## YOUR OBJECTIVE
Pictures are to be left out; every line from the one that holds "Caro Emerald: In Concert [DVD]" to the end of the data is to be retyped exactly.

## DATASET EXTRACT
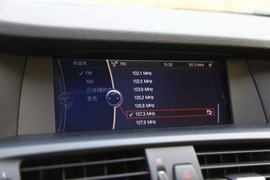 评测2011款宝马X3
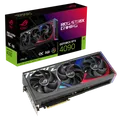 Produktbild: B-WARE ASUS ROG STRIX GeForce RTX 4090 24GB OC Edition Gaming Grafikkarte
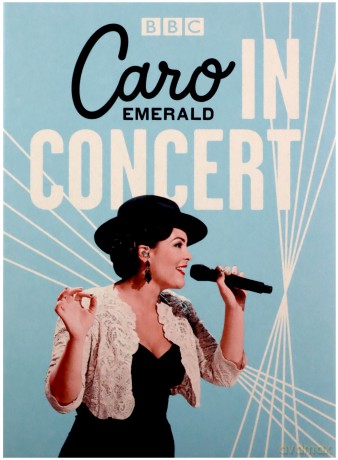 Caro Emerald: In Concert [DVD]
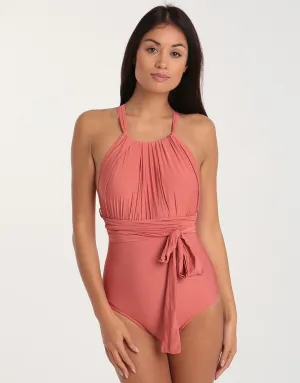 Essential Touch Greek Maillot - Morocco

## COMPLETED TASK
 Caro Emerald: In Concert [DVD]
 Essential Touch Greek Maillot - Morocco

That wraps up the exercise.